I set a frame of reference with origin on the ground and the positive Y axis pointing up.
It would slip at t0 = 0, from a position Y0 = 5 ft, with a speed of Vy0 = 0.
It would be subject to an gravitational acceleration of -32.2 ft/s^2.
Since acceleration is constant:
Y(t) = Y0 + Vy0 * t + 1/2 * 4 * t^2
When it hits the floor at t1 it will be at Y(t1) = 0
0 = 5 + 0 * t1 - 16.1 * t1^2
16.1 * t1^2 = 5
t1^2 = 5 / 16.1
If the elevator is standing still it would take 0.55 s to hit the ground.
Now, if the elevator is moving up at 10 ft/s.
The frame of reference will have its origin at the place the floor of the elevator is at t = 0, and stay there as the elevetor moves.
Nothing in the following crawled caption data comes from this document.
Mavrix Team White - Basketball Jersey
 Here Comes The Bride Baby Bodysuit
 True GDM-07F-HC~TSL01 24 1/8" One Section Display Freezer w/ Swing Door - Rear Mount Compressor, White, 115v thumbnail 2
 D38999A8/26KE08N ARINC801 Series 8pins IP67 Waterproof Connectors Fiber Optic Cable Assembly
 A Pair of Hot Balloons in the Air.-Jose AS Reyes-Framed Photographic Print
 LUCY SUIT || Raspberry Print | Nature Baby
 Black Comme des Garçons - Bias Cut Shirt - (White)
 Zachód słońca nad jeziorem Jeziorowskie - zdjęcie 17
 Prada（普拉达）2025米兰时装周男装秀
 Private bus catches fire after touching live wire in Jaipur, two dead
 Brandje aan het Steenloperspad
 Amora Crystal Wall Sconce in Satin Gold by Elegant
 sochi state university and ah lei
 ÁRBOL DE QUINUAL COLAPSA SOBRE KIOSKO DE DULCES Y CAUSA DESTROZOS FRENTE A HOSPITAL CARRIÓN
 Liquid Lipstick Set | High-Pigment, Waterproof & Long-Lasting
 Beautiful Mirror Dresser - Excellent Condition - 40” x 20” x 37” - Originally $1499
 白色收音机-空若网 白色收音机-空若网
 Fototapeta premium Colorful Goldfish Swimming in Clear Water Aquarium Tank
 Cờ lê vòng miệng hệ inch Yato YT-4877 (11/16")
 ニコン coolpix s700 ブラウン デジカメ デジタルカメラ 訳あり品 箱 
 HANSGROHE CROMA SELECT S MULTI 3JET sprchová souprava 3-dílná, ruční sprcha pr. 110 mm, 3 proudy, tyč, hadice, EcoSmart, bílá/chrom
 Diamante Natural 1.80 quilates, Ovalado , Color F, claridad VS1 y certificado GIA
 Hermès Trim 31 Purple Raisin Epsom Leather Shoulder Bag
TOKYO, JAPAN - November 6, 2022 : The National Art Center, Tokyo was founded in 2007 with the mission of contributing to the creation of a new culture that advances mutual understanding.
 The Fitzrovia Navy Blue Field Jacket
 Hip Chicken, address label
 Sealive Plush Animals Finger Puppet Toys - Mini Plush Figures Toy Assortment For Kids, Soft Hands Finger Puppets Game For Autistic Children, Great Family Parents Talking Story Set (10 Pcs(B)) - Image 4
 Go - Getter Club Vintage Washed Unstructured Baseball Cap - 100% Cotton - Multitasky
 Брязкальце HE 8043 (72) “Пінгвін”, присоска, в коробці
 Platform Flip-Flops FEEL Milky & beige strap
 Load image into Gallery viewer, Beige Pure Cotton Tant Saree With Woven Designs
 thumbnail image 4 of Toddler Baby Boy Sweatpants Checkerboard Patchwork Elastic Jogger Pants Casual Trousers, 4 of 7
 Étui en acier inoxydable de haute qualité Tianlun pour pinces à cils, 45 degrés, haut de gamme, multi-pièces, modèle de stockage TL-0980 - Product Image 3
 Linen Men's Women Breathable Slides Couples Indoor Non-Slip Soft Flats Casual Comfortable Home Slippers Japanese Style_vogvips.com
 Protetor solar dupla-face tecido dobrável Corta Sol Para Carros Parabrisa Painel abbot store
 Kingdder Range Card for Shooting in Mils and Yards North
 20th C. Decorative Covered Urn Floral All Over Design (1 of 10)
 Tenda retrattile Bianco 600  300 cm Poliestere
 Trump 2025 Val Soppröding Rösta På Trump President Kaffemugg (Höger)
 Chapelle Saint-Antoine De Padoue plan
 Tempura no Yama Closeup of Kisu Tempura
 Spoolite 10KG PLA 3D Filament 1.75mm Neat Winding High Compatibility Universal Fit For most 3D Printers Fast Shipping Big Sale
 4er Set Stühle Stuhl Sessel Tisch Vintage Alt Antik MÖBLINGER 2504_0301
The floor of trhe elevator will have a position of Ye = 10 * t
Vy0 = 10 ft/s because it will be moving initially at the same speed as the elevator.
And it will hit the floor of the elevator not at 0, but at
Ye = 10 * t2
So:
10 * t2 = 5 + 10 * t2 - 16.1 * t2^2
0 = 5 - 16.1 * t2^2
16.1 * t1^2 = 5
t1^2 = 5 / 16.1
It falls at the same speed in both cases.